For Capt. DeMarco, who stepped down earlier this month as deputy police superintendent after 26 years with the Niagara Falls Police Department, that moment was particularly tough.
DeMarco still thinks about it often – especially now, as he trades his police badge for the books and papers of a college teacher.
“Things were at their worst, but we were at our best,” said DeMarco. “Everybody did what needed to be done and stepped up and went above what was required of them. Everybody was calling to see what they could do to help. It’s then that you realize it transcends the color of the uniform you are wearing or the shape of your badge.”
DeMarco, 63, has been the administrative captain responsible for day-to-day operations of the department, and second in charge, for the past 10 years.
He said retirement from the force will be the beginning of a new career teaching criminal justice at Niagara University, where he was offered a full-time teaching job for the fall. He said he will receive his master’s degree from the university in May. He also expects to continue teaching criminal justice at Niagara County Community College, a part-time job he has held for the past three years.
“Obviously, when you reach this point in your career you start to look back, but it passed quickly,” DeMarco said.
New Police Superintendent E. Bryan DalPorto, who took his job in January, said he is the third chief to work with DeMarco.
“He’s been a constant, the fabric that kept the department together,” said DalPorto. “We as a department want to let him and his family know how much we appreciate his sacrifice throughout the years.”
He is a lifelong resident of Niagara Falls and third-generation police officer. His grandfather was a member of the Niagara Falls Police Department and his father served as an officer for the New York State Parks Police.
DeMarco said his career so far has had a lot to do with luck.
“It was something I always wanted to do, but I just didn’t recognize it,” DeMarco said.

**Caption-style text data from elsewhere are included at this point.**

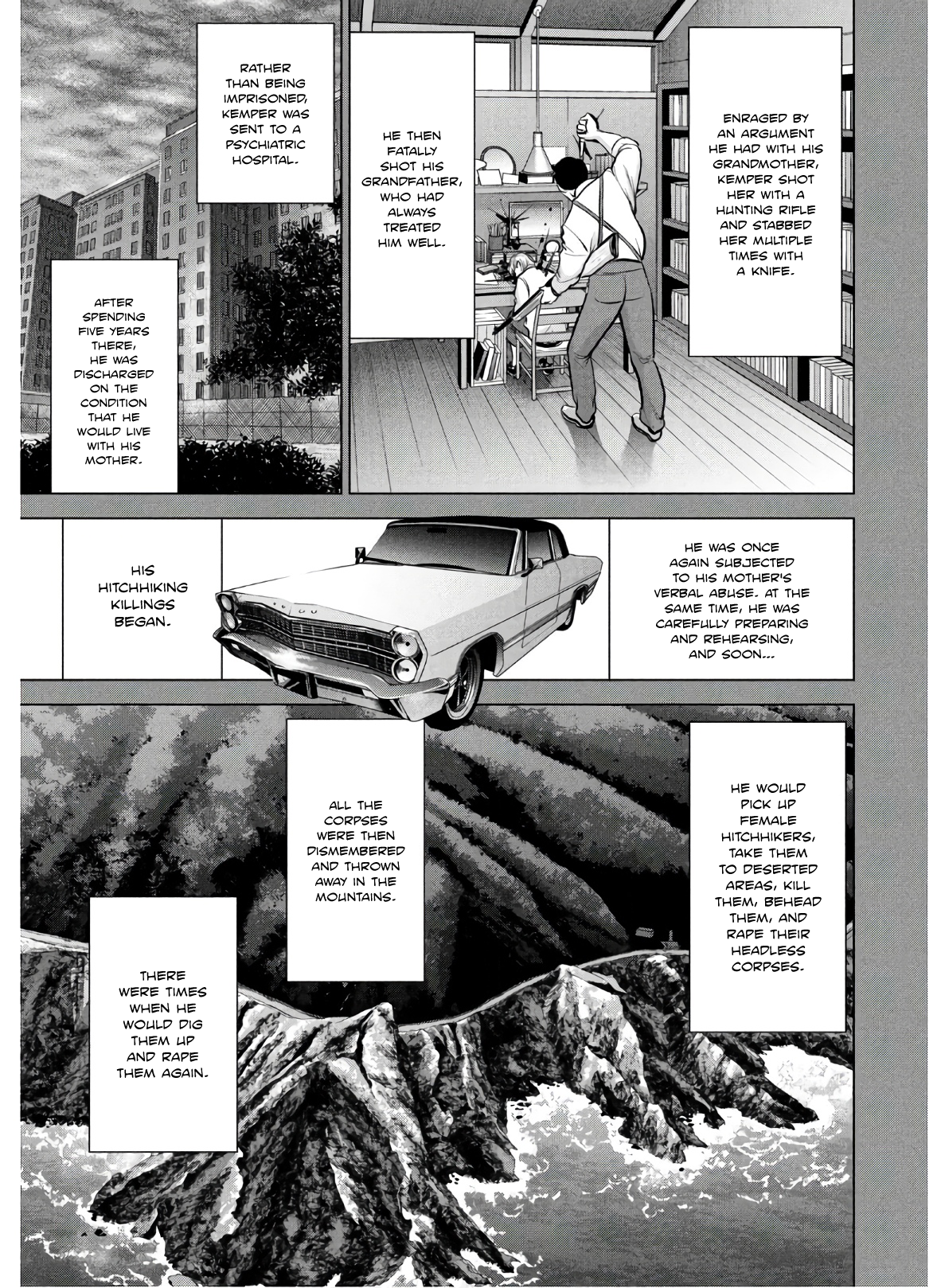 Page 6 of Chapter 120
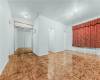 1165 54th Street, Brooklyn, New York 11236, 1 Bedroom Bedrooms, ,1 BathroomBathrooms,Residential,For Sale,54th,492536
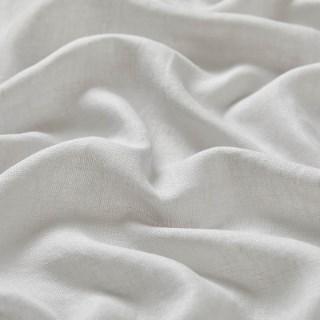 Mist - Calais By Warwick || Material World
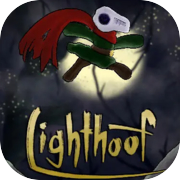 Lighthoof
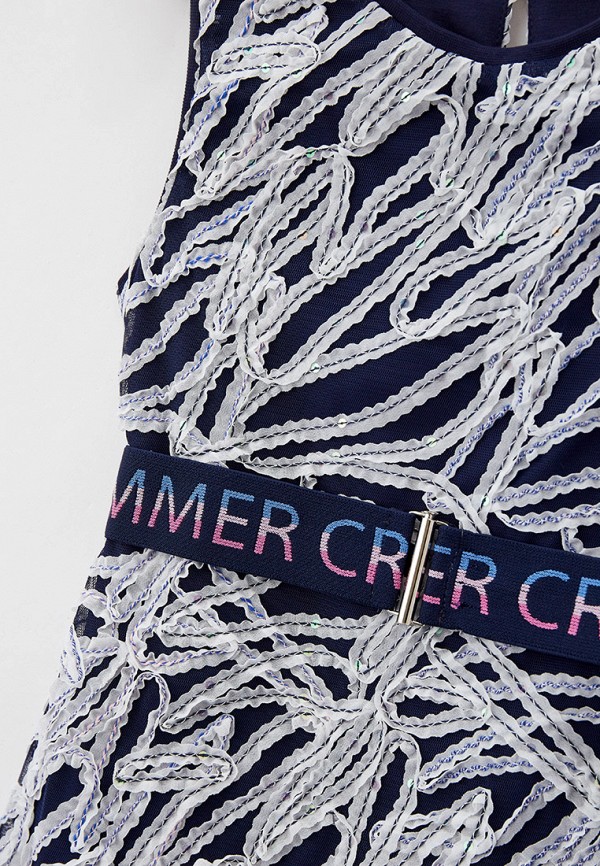 фото Платье choupette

He said after he graduated from Niagara University he served in the U.S. Marine Corps for 11 years and then had to decide what to do next in his career.

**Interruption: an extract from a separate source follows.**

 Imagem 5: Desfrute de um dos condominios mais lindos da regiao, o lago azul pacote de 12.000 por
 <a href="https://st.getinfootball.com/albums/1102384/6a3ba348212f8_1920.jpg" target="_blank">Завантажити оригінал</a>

“A lot of what happened was luck. I was lucky that they were giving the test that year. I was lucky I did well on the test that year and I was lucky I was hired right away,” DeMarco said.
“But I realize that this is the job I was meant to do. There’s no other job in the world like this. There’s no other job like being a cop.”

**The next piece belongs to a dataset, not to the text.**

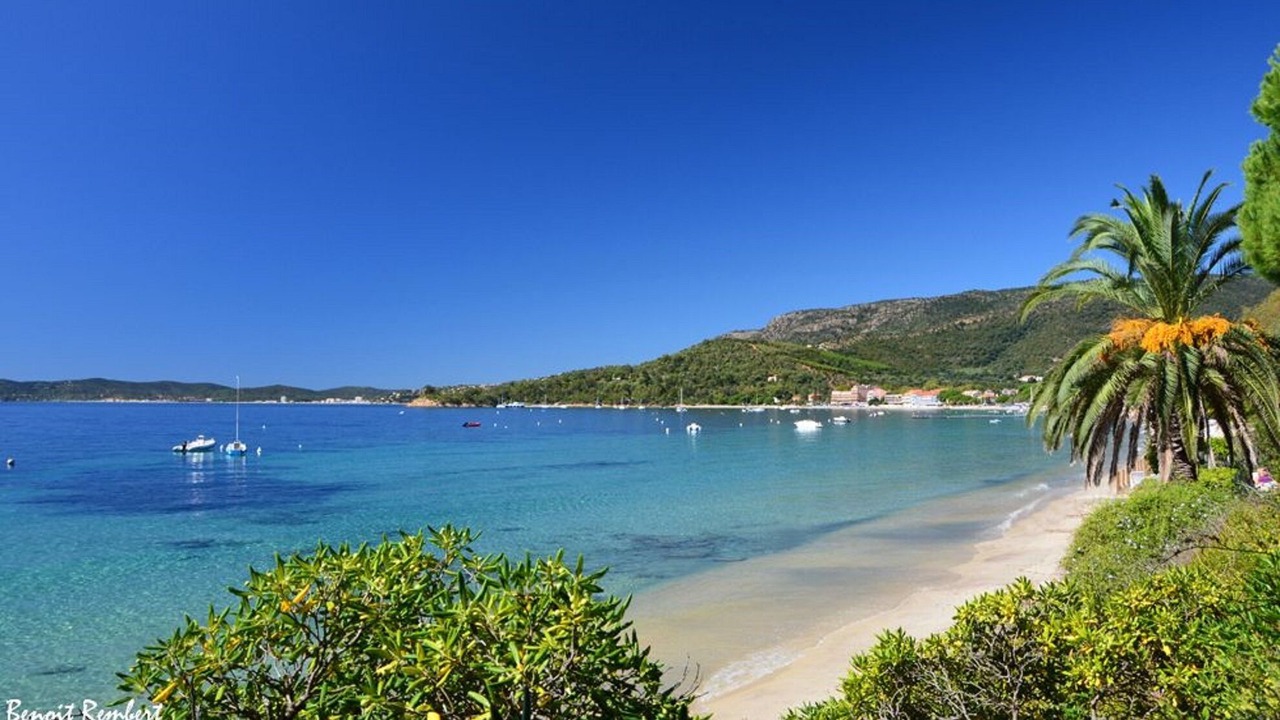 Photo of Others in Cavaliere Beach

DalPorto credited more than luck – and said DeMarco’s military background and sacrifice made him a good leader that people respected.
DeMarco said he started out on patrol, working the afternoon shift for the first six or seven years. He was promoted to lieutenant in 1995, worked in the jail for a year, and then went back to afternoon shift as a street supervisor.
“It was luck to be chosen [as assistant chief],” he said. “I was in the right place at the right time and so I got selected. Fortunately there’s great people who work in this building to make sure the job gets done and the men and women on the street have the support they need.”
He said it is a unique job, to be a police officer. That’s something he tries to teach young people who are planning careers in law enforcement.
“Being a cop is the guy out on the street. The first one that shows up and chaos is all over. He’s the one that steps out of that car and establishes order and gets things going,” DeMarco said.
He said one thing they tried to teach recruits is to get to know the community and get to know what’s going on, to “build bridges.” He said that attitude is something he hopes to pass on.
DeMarco is a founding member of the Niagara Falls Law Enforcement Foundation and continues to serve on the Niagara Police Athletic League.
Since the 2009 shooting of the two officers, both have recovered. The shooter, Adam J. Hamilton, was sentenced to 75 years in prison.
DeMarco said remnants of the yellow police tape from the crime scene, left behind and faded, remain on a pole he can still see from his office window.
“It truly is a brotherhood and this is a great, great police department,” DeMarco said. “I’ve been fortunate and honored to be a police officer in Niagara Falls.”